So then, just think of these inversions as Mother Nature’s way of giving us a climatological Dutch oven: Except in this case our cars and factories and wood-burning stoves are the ones producing all these noxious fumes and particulates; Mother Nature is just the one holding our heads under the bedcovers until we cry “Uncle!”

You’d think Brigham Young might have seen this one coming before he so rashly told his people that the Salt Lake Valley was “the right place.” I mean, the guy who had the foresight to lay out a city with extra-wide streets, and leave spots for modern-day elevators in the Salt Lake Temple, could have at least said: “Except for about five weeks each winter, this is the right place.”

So, what will it take to get rid of our current inversion? A storm to blow through the region, clearing out the stagnant air. Meteorologists say there’s the possibility of a “weak weather system” later this week that could provide some relief, but I wouldn’t hold my breath.

Wait. On second thought, you may actually want to hold your breath.

Until March.

I should be asking my fellow Mormons to take their usual prayers for “moisture” and convert them to a plea for a “strong, inversion-busting weather system.” But then, I’m not a great believer in God as some sort of cosmic short-order cook, fielding requests from mortals to provide us with climate-controlled comfort.

Besides, I have a feeling I already know what his answer to such prayers would be. Probably something like:

“Lemme getteth this straight, children. I giveth thee a really great planet to inhabit, and you basically act like it’s a cheap hotel room and you’re Keith Moon?

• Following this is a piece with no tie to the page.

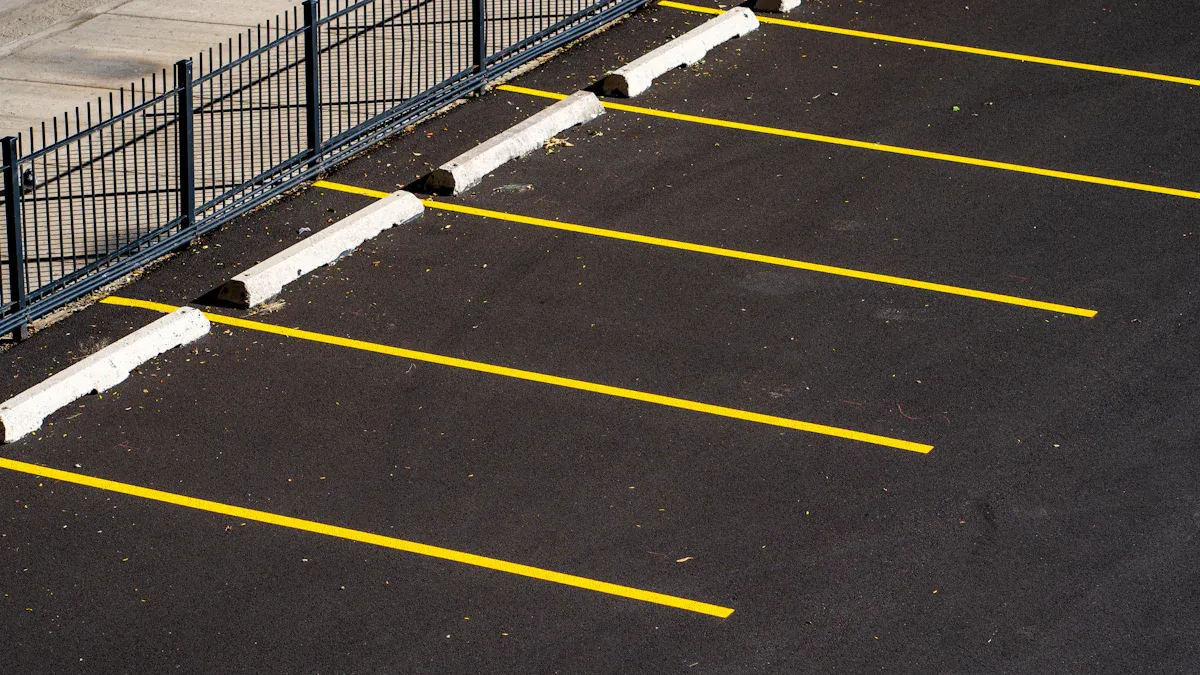 Understanding Hot Melt Road Marking Machines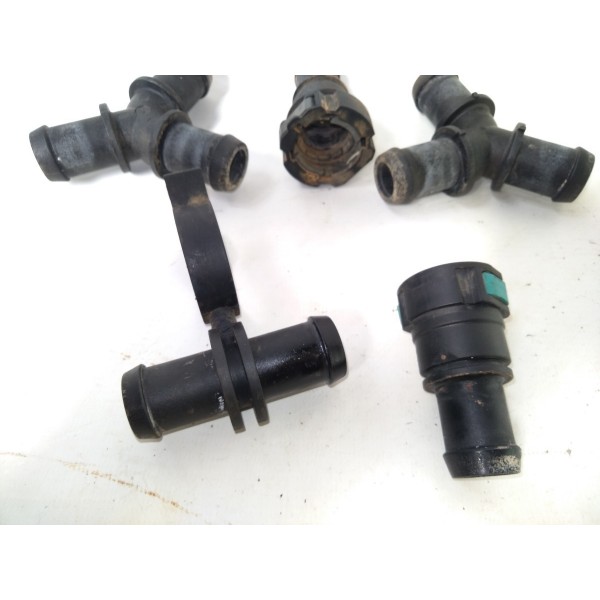 Dutos De Agua  Ford Ecosport 2013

You people waste more energy than any 10 previous civilizations. You insist on driving your horseless chariots everywhere, even to church — which is only three blocks away. And then you leave your vehicle idling while waiting at the grocery store or shopping mall because you’re just too darned slothful to shut it off and go inside where it’s warm.

“Even in the summer, you water your lawns like you’ve got a rice paddy growing out there. Plus which, you vote in politicians who think ‘environmentally responsible’ means pouring their used motor oil into the gutter, rather than flushing it down the toilet.

“In short, you people continue to foul the air and the water and the land with more and more pollutants, doing precious little to exercise wise stewardship over the planet. And then you expect me to swoop in and save you ingrates from a mess of your own making? Art thou high?

“Tell you what: Instead of sending you the cleansing storms you’ve been praying for, how about I direct a nice plague of locusts or fiery hail your way, just to get your attention?”

With the exception of two years going door-to-door in the South, I’ve lived here in Utah since 1971. And while plenty of folks find plenty of things to complain about in this state, I can honestly say that the only major downside to living around here is our poor air quality in the winter.

And the sad part is, we could do something about these inversions if only we had the personal and political willpower. Mass transit remains an untenable joke for many of us. Companies continue to resist alternatives to the daily commute — like four-day work weeks, or telecommuting. And we seem utterly unwilling to get tough on emissions from factories, diesel engines, idling and poorly tuned vehicles, etc.

So instead, we continue to suffer through these ugly, deadly temperature inversions, all the while patting ourselves on the back for tackling the really important public health crises facing us. Like pornography.

How do I feel about this? Frankly, a slightly shorter four-letter word comes to mind.